La existencia señalada por la campana de la escuela que con su repicar delinea los límites del poblado. La vida social reducida a un par de cantinas, a la contienda deportiva dominguera del único club de fútbol con sus tres series o la completada pro-fondos para el paseo de fin de año. Para algunos un sitio de paso, un destino imprevisto que se espera dejar pronto. Para otros su terruño, el espacio en que se realizará, hará familia y en que finalmente resignara sus huesos. Una preocupación permanente, beneficios, junta de firmas para tal o cuál gestión, son los lugareños orgullosos, representados por dirigentes; gestores de lo social que buscan que los adelantos no se queden allá en el pueblo, que también ellos pagan impuestos y son igualmente ciudadanos. Así  que hay que movilizarse para que los adelantos que las ciudades y pueblos han llegado hace décadas lleguen a la aldea.

La  aldea chilena siempre postergada por  la ciudad o pueblo  de la cuál depende administrativamente, accede a cierta atención excepcionalmente en los noticieros de la televisión  y en general de los medios, cuando  alguna tragedia pernocta en ellas.  El desolador panorama de poblados destruidos por completo (es el caso del terremoto del año pasado), identidades patrimoniales que parecían estar allí  a la medida de la armonía, acorde los sonidos  archireconocidos o  los perfumes del aire de acuerdo a las estaciones del año casi fueron extinguidos. Puestos en la orfandad, el aldeano, apela un eco recóndito que lo impulsa a continuar a superar los miedos a las réplicas telúricas y las incertidumbre de quien ha sido golpeado duramente  una vez más apelando a la vecindad y al compartido amor terruño saldrán adelante.

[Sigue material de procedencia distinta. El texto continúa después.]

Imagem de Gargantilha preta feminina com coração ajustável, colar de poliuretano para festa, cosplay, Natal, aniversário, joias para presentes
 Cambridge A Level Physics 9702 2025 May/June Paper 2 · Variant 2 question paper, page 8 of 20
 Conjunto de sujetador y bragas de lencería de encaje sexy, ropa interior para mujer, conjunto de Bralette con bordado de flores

Es  un escenario privilegiado del protagonismo anónimo y esforzado del chileno, al cuál hoy más que nunca debiera reconocerse y valorarse, con medidas concretas como la creación de delegaciones municipales  acompañados por  consejos consultivos con recursos financieros, asignaciones  que permitan avanzar en la descentralización desde la base y hacer de Chile una sociedad poderosa en convivencia social y ciudadanía.